Here’s a little Shake Shack backstory. James Beard award-winning restaurateur Danny Meyer (Union Square Cafe, Gramercy Tavern) opened the first outlet – to instantaneous acclaim – in 2004, in Madison Square Park in New York City. The burgers-hot dogs-frozen custard company now operates 63 locations worldwide, and just announced that it’s going public, with the hopes of raising $100 million to fund an expansion into more markets. Might that include Minneapolis-St. Paul? Here’s hoping.
As for the Burger Jones-Shack Shack mash-up, it’s a remarkable facsimile of the real thing, and a total winner.
They’re available in single-, double- and triple-patty formats, and here’s how tasty it is: I prudently ordered a single, and had every intention at stopping at my first — well, second — bite, and devote the rest of my lunch to a salad, new year’s resolutions and all.
Naturally, I consumed the entire thing. Without thinking. More by primal instinct, you know what I mean?
Back to the burger. Let’s take apart its components, shall we? The patty was fine, and notably juicy.
“In some of the stuff that we’ve read, Danny says the blend is top secret, but we’ve also read that it’s a blend of chuck and brisket,” said Roberts. “We tested several blends until I could remember what seemed right.”
My memory says that I think they hit it, landing all the requisite fat and flavor properties. Besides, this isn’t a burger where the patty stands out, it’s more of an ensemble piece, one that where the beef works in concert with a handful of classic condiments.

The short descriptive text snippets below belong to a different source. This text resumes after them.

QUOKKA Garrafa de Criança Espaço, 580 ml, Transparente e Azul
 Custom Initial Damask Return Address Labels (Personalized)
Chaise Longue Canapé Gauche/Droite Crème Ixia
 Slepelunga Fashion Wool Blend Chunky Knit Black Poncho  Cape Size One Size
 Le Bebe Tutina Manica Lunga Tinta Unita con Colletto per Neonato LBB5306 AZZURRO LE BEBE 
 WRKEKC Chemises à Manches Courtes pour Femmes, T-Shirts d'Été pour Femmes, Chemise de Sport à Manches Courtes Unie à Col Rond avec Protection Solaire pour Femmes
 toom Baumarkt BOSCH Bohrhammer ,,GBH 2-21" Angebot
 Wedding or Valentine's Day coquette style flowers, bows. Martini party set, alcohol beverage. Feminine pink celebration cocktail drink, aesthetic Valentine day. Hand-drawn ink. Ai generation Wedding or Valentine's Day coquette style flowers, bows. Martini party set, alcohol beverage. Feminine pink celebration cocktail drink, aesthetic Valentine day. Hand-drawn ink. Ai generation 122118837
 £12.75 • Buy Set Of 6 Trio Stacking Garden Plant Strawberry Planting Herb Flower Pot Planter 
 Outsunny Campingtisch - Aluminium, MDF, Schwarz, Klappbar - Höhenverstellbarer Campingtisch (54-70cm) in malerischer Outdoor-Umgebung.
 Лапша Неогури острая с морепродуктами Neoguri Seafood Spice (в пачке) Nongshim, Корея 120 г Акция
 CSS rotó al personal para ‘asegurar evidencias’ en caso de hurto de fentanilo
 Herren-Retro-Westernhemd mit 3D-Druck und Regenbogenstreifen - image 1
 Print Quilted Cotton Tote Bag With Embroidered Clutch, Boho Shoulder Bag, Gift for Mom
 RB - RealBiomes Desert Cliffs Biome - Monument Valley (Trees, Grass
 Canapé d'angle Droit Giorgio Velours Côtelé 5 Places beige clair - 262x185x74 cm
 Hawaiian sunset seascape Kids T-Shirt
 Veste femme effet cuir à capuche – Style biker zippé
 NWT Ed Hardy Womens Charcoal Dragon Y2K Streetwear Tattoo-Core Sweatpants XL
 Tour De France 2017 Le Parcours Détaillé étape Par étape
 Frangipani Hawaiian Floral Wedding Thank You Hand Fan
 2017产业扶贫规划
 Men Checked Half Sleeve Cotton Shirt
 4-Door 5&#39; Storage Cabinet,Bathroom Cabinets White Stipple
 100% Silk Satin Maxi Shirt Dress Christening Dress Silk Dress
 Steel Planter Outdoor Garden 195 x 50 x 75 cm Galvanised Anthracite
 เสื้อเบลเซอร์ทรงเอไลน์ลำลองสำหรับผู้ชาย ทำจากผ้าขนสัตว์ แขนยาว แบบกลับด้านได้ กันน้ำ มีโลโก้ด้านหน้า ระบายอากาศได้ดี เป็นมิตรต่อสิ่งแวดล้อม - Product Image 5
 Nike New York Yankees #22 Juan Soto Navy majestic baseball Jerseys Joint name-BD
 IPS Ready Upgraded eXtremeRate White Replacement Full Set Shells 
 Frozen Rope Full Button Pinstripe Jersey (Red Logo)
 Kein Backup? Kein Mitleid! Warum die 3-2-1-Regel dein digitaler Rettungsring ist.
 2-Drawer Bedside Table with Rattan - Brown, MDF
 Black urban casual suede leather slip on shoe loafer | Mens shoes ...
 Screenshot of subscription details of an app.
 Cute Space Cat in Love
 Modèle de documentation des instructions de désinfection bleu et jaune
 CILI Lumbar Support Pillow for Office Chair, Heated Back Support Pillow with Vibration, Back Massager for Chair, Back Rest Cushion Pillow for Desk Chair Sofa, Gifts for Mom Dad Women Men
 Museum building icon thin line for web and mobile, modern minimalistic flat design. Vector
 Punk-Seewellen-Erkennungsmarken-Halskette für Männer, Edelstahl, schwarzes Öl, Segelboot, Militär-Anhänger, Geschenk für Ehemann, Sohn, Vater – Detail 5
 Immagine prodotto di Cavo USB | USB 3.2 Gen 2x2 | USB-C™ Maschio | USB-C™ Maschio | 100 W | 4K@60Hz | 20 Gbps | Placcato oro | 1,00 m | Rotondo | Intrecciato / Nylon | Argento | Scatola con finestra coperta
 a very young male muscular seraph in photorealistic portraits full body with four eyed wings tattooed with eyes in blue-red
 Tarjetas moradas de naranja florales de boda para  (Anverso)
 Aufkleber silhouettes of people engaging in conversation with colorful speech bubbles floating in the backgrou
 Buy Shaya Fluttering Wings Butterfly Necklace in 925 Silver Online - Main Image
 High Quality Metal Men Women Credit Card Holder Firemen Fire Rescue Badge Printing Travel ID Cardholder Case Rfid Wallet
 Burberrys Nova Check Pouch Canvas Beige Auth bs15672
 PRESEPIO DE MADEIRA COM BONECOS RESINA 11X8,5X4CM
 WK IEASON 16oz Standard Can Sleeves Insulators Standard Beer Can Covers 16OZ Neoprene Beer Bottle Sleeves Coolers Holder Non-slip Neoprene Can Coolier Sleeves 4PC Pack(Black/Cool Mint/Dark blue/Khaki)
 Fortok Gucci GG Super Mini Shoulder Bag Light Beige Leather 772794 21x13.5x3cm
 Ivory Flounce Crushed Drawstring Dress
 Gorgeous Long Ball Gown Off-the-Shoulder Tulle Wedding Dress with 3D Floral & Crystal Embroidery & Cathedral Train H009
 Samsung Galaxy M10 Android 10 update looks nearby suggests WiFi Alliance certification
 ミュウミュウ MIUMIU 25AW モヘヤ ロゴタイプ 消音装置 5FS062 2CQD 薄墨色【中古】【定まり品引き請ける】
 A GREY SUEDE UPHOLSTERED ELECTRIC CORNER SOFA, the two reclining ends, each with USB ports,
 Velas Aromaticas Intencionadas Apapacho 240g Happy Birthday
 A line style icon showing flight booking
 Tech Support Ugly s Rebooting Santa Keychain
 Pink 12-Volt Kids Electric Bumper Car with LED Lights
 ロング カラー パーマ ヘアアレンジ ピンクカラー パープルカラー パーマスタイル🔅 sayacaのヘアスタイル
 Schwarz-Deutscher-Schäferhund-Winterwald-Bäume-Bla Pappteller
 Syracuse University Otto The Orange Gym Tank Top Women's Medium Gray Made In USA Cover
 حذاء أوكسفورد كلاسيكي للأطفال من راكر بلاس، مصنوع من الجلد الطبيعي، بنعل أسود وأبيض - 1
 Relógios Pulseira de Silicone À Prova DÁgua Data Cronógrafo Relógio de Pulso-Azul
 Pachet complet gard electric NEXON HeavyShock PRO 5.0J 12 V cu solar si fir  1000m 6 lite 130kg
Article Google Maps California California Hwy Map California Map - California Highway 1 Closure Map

There’s a crisp lettuce leaf, a relatively juicy tomato slice, a prodigious amount of gooey American cheese and a heaping helping of good-old “secret sauce.”
Roberts said that covert formula resembles that of the Big Mac, which I took to mean that it dabbles in mayo, ketchup and pickles. And sugar.
“Of course sugar,” he said with a laugh. “Sugar is one of the three basic food groups.”
Here’s the thing: The sweetness works, in part because, rather than hitting your taste buds like a gigantic bowl of Cap’n Crunch, it sneaks in, and its appeal grows on you. Plus, the prodigious amount of secret sauce splayed across this burger has a way of quickly flipping its initial neat-and-tidy appearance into a gloriously sloppy, two-napkin mess.
As for the potato-seasoned bun (imported from St. Agnes Baking Co.), it’s golden, dimpled, carefully toasted and terrific.
We’re already into January’s second week, so hurry in, because this blue-ribbon doppelganger isn’t going to hang around forever. Come Feb. 1, the spotlight is turning to a butter burger inspired by Solly’s Grille in Milwaukee.
“It’s the original butter burger, the one that Culver’s copied,” said Roberts. “I like the Culver’s butter burger, but this one is better. It has something like an eighth of a pound of butter. It’s crazy.”
Price: A single patty is $7.99, a double goes for $9.99 and a triple costs $11.99.
Fries: Included. All through January, the burger-of-the-month is served with crinkle cuts, mirroring the Shack Shake’s deep-fried modus operandi.
Meanwhile, at Salut: Borrowing from Burger Jones, a monthly (ahem) salute is coming to the menu at Salut Bar Americain, Parasole’s French-themed restaurants at 50th and France in Edina and on Grand Avenue in St. Paul.
The plan is to offer a defining dish from a classic Parisian bistro. “It’s not Tour d’Argent stuff,” said Roberts. “It’s Chez Georges, Josephine ‘Chez Dumonet,’ Brasserie Lipp, places that Minneapolitans might have visited. It’ll be dishes like Allard’s duck with olives, that kind of thing. We’ll probably start in March.”
Address book: 3200 W. Lake St., Mpls., 612-746-0800 and 1619 W. County Rd. 42, Burnsville, 952-885-2289, www.burgerjones.com. Minneapolis open 11 a.m.-11 p.m. daily. Burnsville open 11 a.m.-11 p.m. Sun.-Thu., 11 a.m.-midnight Fri.-Sat.